BEGIN DATA FOR PROCESSING

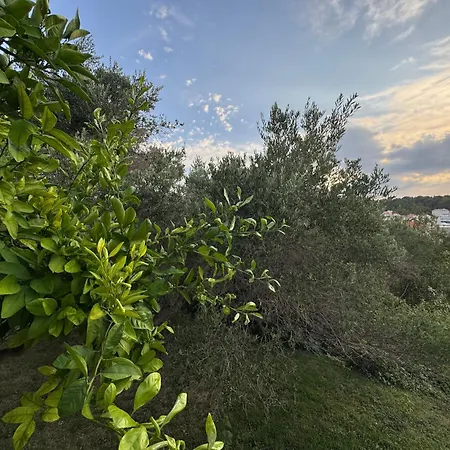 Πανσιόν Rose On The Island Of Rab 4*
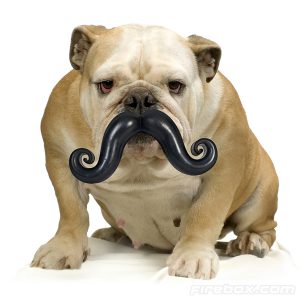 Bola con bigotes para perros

END DATA FOR PROCESSING
BEGIN DATA FOR PROCESSING

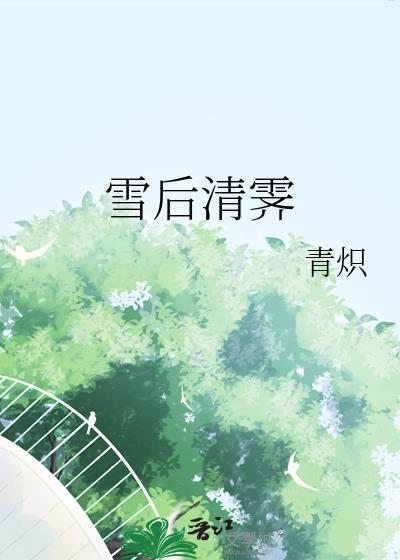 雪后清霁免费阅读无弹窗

END DATA FOR PROCESSING

* [PROBLEM DESCRIPTION] Would you copy, word for word, only the lines above from the one containing "Πανσιόν Rose On The Island Of Rab 4*" through the one containing "Bola con bigotes para perros", both included, and please leave out the pictures?

* [EXERCISE ANSWER]
 Πανσιόν Rose On The Island Of Rab 4*
 Bola con bigotes para perros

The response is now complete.